The UK Parliament’s Treasury Committee urged the Bank of England and HM Treasury to ‘proceed with caution’ in its work on a retail central bank digital currency (CBDC). and published a paper on the topic. It requests the potential holding limits for a digital pound to be lower than the £10,000-£20,000 currently proposed. It made other recommendations on privacy, financial inclusion and monetary policy.
“We must also keep a close eye on ensuring that any retail digital pound does not worsen financial exclusion for those reliant on physical cash. The digitisation of money can’t, in any way, leave those people behind,” said the Chair of the Treasury Committee, Harriet Baldwin.
“While we support the Bank of England’s plan to continue working on the design of a potential retail digital pound, I would urge them to proceed with caution and maintain a genuinely open mind as to whether one is actually needed.”
Maintaining access to central bank money as cash usage declines is a key motivation as well as innovation. The report states “There are significant risks and challenges to be worked through, particularly in relation to privacy and financial stability. It is not clear to us at this stage whether the benefits are likely to outweigh these risks.”
Digital pound risks
The financial stability risks relate to money moving out of the banking system. They estimate lending costs will increase by 0.8% as a result, and urge lower holding limits. However, the limits could rise over time.
While the Bank of England doesn’t plan the digital pound to offer interest, the Committee would like it researched. It wants to know about the CBDC’s potential usage offering interest and the impact on monetary policy.
Regarding privacy, they want to ensure that legislation prevents the government or Bank of England from using private payment data for any purposes other than those already permitted for law enforcement. A government “may in future be tempted to try to make use of such a powerful source of information.” Additionally, they are concerned about the potential use of private payment information by wallet providers.
The Committee would like to see a cost benefit analysis before the issuance of a potential digital pound. It’s concerned about how much the current research is costing. It also wants to know the criteria for a launch decision.

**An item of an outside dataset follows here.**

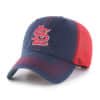 St. Louis Cardinals 47 Brand Navy Trawler Red Mesh Clean Up Snapback Hat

Meanwhile, the paper also briefly discussed a wholesale CBDC saying that’s more of an evolution. The Bank of England is currently upgrading the RTGS and while not designed for a CBDC it will support DLT settlements.
Some members visited the United States to discuss the topic. They noted they heard evidence of the potential benefits of a wholesale CBDC for reducing settlement risks. When it came to a retail CBDC they said there is no U.S. urgency in developing a retail CBDC.